From the line containing "Obrázok galérie Poznáte" to the end of the data, retype every line exactly and nothing else. Drop the pictures.

Captioned web images:
────
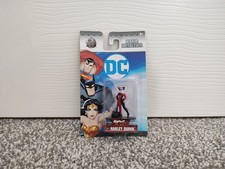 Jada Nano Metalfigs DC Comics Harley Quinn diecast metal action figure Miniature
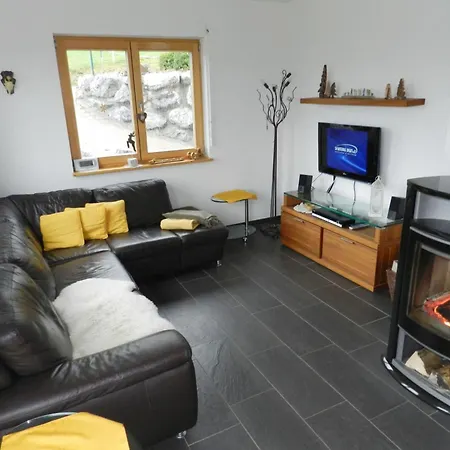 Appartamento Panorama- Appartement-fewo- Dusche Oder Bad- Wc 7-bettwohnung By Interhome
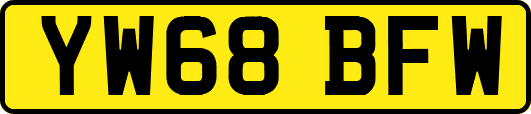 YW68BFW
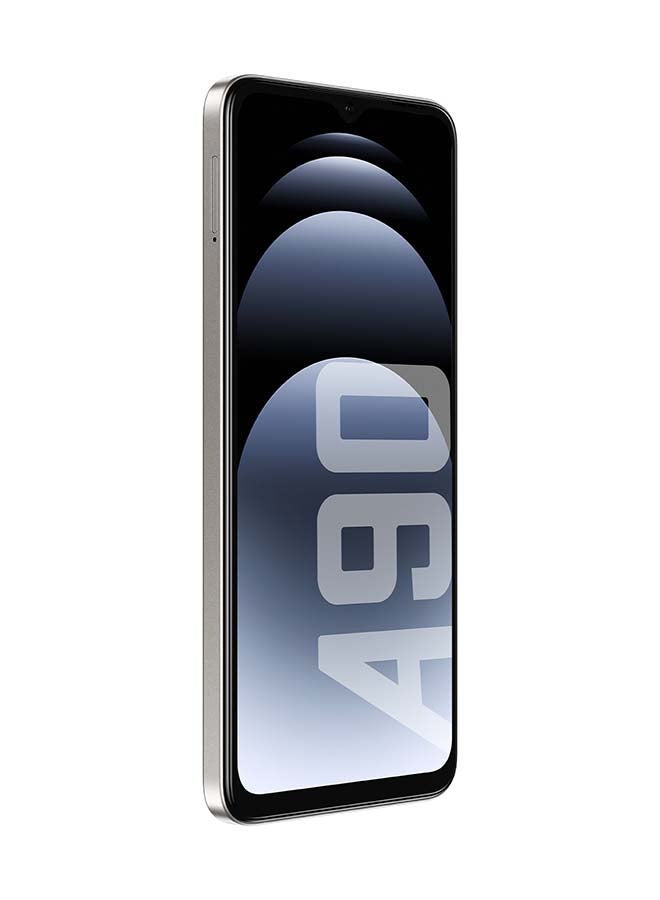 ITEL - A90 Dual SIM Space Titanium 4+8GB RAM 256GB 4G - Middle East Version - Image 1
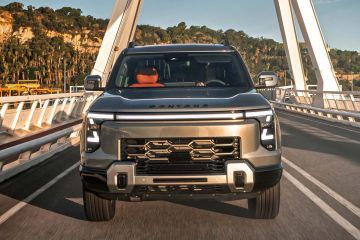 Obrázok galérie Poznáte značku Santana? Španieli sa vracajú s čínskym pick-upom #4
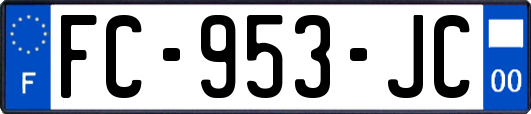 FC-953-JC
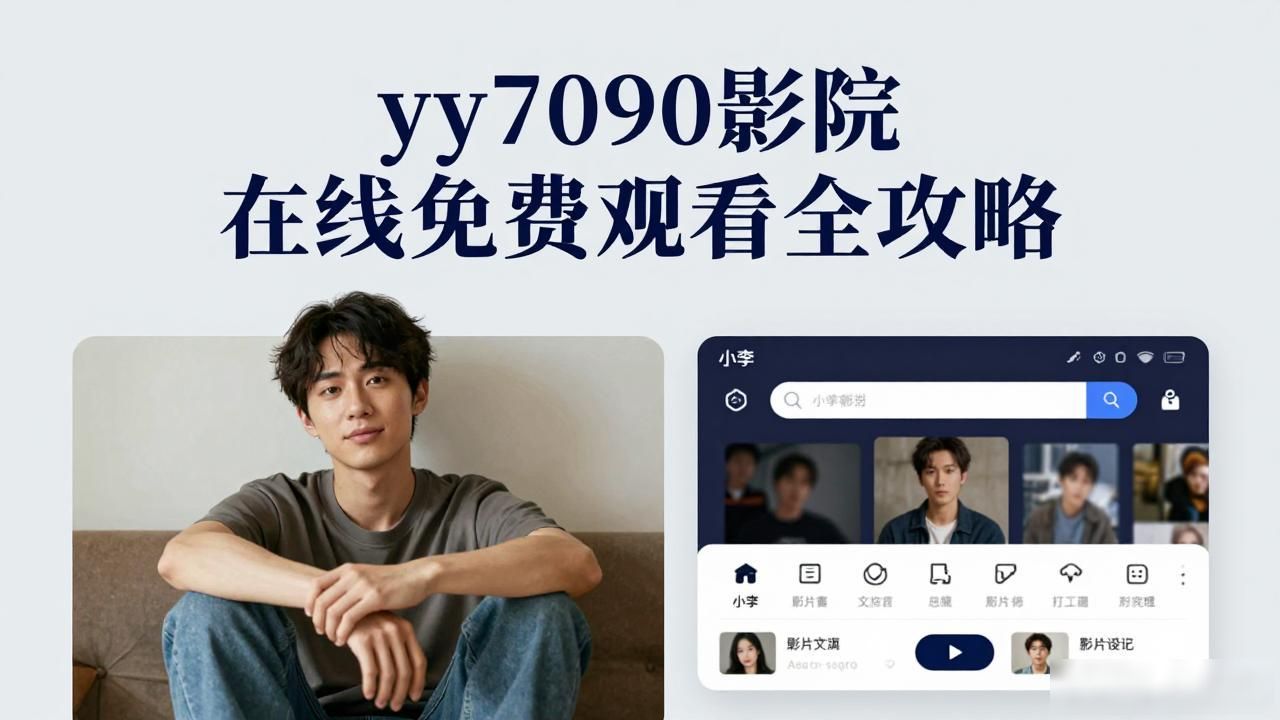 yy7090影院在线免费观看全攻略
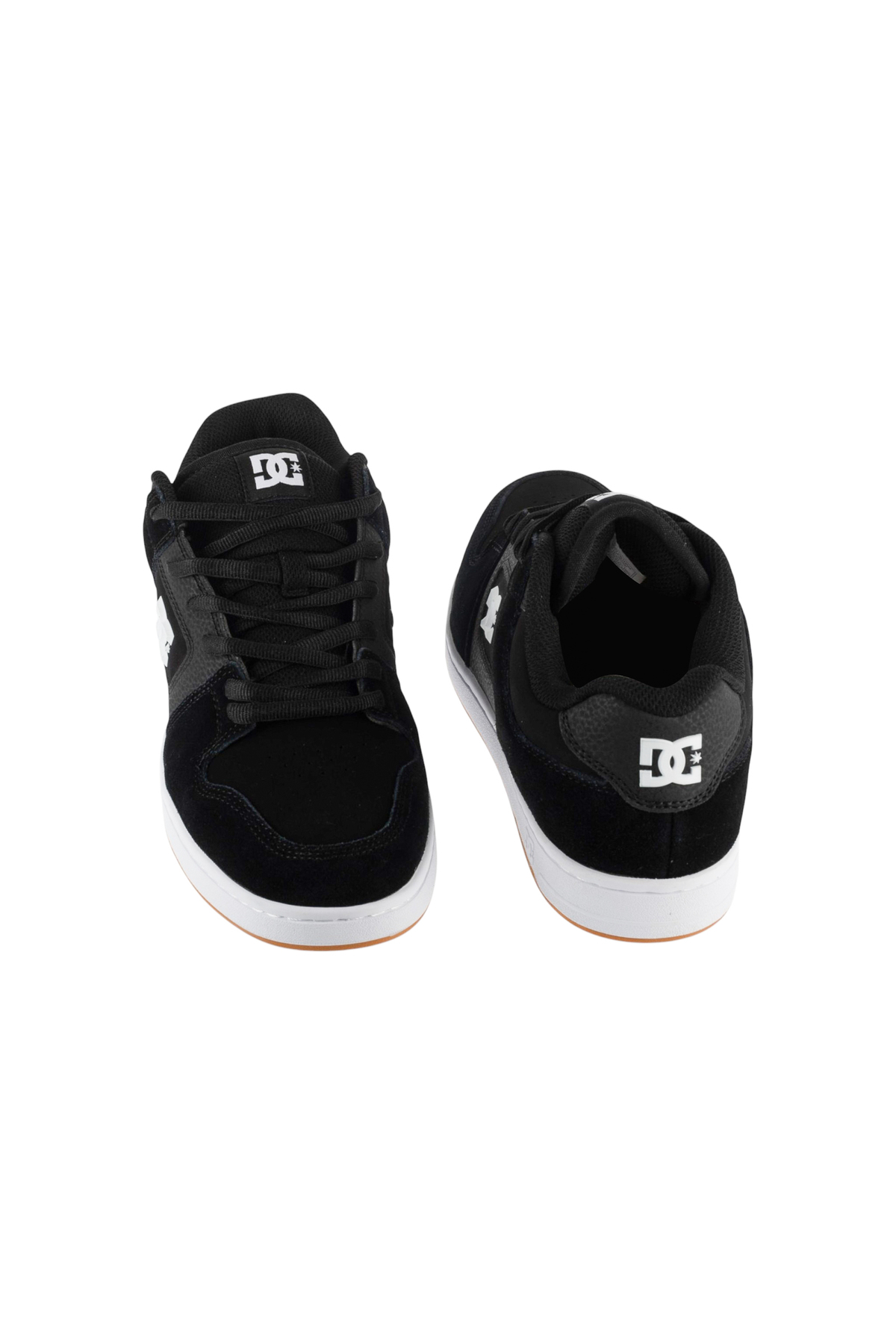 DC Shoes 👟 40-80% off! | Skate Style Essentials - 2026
────
» SOLUTION TO THIS PROBLEM:
 Obrázok galérie Poznáte značku Santana? Španieli sa vracajú s čínskym pick-upom #4
 FC-953-JC
 yy7090影院在线免费观看全攻略
 DC Shoes 👟 40-80% off! | Skate Style Essentials - 2026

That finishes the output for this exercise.